[Start of Attachment]

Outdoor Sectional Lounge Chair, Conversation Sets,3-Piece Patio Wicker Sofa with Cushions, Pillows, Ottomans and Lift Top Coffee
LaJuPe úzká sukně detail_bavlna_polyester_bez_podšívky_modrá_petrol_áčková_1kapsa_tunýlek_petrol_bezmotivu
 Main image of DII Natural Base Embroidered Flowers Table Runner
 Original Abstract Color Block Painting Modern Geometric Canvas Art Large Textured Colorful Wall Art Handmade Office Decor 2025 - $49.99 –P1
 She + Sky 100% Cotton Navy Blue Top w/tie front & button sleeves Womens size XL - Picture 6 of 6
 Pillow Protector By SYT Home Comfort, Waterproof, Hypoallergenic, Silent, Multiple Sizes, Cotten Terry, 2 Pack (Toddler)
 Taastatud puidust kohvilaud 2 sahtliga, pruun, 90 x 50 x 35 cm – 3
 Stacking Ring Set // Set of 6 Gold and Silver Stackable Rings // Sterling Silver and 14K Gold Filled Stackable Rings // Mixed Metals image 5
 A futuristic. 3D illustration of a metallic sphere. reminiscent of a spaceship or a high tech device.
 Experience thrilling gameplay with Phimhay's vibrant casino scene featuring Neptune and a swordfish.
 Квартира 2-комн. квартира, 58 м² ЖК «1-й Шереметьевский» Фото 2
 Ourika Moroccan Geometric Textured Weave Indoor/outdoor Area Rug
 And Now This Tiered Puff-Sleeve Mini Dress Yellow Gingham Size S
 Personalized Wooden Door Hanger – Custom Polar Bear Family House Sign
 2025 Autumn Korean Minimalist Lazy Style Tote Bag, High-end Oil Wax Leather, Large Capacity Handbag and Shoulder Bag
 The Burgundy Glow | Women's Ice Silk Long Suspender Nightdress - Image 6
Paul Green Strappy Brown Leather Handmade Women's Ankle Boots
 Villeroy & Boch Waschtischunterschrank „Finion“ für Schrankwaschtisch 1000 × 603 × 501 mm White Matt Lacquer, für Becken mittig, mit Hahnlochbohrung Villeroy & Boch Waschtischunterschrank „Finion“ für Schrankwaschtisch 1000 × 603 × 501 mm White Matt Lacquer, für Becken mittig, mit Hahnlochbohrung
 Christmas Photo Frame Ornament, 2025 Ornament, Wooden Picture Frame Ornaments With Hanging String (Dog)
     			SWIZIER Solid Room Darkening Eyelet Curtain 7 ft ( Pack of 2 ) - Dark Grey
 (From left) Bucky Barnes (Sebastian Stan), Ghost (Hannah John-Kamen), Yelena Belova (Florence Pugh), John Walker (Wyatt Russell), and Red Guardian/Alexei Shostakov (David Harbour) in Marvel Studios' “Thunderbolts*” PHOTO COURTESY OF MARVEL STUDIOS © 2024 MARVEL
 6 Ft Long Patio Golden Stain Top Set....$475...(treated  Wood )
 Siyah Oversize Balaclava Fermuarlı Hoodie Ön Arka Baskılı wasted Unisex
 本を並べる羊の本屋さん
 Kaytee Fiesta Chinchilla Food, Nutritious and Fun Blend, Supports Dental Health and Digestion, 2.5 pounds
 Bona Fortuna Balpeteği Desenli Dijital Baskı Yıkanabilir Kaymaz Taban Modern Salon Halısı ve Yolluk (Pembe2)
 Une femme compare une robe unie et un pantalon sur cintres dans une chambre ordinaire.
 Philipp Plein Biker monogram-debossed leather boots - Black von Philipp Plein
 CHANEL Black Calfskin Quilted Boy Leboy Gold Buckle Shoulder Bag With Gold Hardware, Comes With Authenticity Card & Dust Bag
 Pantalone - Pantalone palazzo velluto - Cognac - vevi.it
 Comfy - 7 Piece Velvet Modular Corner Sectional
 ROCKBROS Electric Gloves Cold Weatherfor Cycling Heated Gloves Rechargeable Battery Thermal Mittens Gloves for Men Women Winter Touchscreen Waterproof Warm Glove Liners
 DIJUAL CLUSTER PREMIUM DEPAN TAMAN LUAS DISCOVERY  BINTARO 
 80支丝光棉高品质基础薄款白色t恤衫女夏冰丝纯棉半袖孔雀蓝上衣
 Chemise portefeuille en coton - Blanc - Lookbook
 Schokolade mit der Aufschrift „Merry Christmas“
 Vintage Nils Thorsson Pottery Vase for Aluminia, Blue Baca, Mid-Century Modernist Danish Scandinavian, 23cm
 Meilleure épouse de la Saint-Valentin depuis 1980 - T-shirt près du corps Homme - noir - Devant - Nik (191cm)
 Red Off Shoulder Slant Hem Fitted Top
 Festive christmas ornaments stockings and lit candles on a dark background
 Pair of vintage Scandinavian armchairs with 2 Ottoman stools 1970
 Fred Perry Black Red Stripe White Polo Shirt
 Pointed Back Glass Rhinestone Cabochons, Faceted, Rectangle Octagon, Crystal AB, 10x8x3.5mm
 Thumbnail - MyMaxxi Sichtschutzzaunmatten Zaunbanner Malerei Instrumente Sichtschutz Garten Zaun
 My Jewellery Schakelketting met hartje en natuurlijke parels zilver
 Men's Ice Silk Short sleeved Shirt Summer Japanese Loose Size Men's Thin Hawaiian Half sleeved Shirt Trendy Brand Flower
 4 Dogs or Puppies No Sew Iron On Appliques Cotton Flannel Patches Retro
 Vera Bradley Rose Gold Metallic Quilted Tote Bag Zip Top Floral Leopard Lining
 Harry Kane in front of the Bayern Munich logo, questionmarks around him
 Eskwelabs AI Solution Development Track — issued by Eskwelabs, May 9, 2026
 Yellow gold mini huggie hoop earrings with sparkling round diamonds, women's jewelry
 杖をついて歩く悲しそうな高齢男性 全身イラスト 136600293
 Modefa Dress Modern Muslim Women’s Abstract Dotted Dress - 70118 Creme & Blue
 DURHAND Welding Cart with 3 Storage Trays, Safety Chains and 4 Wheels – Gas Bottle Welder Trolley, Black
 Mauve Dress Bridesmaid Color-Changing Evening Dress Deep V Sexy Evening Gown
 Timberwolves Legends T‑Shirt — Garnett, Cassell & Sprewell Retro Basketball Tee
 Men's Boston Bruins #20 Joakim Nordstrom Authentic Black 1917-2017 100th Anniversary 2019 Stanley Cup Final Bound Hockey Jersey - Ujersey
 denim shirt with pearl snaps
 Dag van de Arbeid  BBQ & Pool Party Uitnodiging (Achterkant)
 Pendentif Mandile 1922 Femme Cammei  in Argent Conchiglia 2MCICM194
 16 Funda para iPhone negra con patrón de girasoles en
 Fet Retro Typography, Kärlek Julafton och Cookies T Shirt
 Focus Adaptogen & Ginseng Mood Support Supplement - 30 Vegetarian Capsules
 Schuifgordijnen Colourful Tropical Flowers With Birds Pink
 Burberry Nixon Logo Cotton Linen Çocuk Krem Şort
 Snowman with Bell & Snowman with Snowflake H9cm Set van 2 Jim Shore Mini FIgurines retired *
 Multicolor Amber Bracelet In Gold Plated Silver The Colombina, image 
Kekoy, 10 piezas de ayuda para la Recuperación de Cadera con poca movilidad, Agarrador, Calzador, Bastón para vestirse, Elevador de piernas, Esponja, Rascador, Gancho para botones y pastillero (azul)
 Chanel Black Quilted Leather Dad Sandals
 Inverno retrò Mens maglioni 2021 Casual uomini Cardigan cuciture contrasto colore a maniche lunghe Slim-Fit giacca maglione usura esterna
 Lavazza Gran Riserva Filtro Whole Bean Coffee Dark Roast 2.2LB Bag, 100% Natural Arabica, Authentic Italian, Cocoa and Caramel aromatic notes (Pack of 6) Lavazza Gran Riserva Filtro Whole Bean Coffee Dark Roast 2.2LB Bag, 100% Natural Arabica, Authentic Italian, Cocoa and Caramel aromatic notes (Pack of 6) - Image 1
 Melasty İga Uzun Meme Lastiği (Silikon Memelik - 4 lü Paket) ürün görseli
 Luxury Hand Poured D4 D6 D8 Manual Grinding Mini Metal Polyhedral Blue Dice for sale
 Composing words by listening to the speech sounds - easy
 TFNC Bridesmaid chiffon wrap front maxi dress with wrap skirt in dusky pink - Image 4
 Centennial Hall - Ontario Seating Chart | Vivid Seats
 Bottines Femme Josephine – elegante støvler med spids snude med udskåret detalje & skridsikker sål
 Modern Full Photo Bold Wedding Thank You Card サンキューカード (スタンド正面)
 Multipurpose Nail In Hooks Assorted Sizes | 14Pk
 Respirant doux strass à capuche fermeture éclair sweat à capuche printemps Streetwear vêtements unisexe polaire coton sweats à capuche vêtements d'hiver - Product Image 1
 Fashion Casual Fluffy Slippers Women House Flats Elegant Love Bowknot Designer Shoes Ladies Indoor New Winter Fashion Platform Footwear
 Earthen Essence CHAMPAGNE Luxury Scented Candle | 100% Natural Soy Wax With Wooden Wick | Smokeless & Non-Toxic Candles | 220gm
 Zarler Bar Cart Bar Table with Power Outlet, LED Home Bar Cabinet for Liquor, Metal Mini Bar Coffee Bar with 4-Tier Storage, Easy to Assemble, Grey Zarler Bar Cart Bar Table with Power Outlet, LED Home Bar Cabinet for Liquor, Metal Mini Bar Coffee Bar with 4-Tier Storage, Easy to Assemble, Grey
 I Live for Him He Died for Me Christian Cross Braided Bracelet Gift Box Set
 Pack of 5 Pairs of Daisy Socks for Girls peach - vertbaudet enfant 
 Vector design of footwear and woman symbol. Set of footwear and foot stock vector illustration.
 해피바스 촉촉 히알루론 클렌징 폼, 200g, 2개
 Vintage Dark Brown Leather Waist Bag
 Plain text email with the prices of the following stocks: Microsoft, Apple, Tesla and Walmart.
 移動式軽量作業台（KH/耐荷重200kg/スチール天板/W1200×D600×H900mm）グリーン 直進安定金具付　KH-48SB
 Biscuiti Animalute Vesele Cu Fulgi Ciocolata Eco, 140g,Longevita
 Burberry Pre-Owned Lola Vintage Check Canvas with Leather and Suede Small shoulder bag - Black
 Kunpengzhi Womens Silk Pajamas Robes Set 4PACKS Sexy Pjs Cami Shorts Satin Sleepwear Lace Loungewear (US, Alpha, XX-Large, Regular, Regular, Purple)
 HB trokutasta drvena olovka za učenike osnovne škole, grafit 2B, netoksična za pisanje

[End of Attachment]

What to work on: Quote the listing above from its first line to the line with "Personalized Wooden Door", inclusive, and add nothing.

Response below:
Outdoor Sectional Lounge Chair, Conversation Sets,3-Piece Patio Wicker Sofa with Cushions, Pillows, Ottomans and Lift Top Coffee
LaJuPe úzká sukně detail_bavlna_polyester_bez_podšívky_modrá_petrol_áčková_1kapsa_tunýlek_petrol_bezmotivu
 Main image of DII Natural Base Embroidered Flowers Table Runner
 Original Abstract Color Block Painting Modern Geometric Canvas Art Large Textured Colorful Wall Art Handmade Office Decor 2025 - $49.99 –P1
 She + Sky 100% Cotton Navy Blue Top w/tie front & button sleeves Womens size XL - Picture 6 of 6
 Pillow Protector By SYT Home Comfort, Waterproof, Hypoallergenic, Silent, Multiple Sizes, Cotten Terry, 2 Pack (Toddler)
 Taastatud puidust kohvilaud 2 sahtliga, pruun, 90 x 50 x 35 cm – 3
 Stacking Ring Set // Set of 6 Gold and Silver Stackable Rings // Sterling Silver and 14K Gold Filled Stackable Rings // Mixed Metals image 5
 A futuristic. 3D illustration of a metallic sphere. reminiscent of a spaceship or a high tech device.
 Experience thrilling gameplay with Phimhay's vibrant casino scene featuring Neptune and a swordfish.
 Квартира 2-комн. квартира, 58 м² ЖК «1-й Шереметьевский» Фото 2
 Ourika Moroccan Geometric Textured Weave Indoor/outdoor Area Rug
 And Now This Tiered Puff-Sleeve Mini Dress Yellow Gingham Size S
 Personalized Wooden Door Hanger – Custom Polar Bear Family House Sign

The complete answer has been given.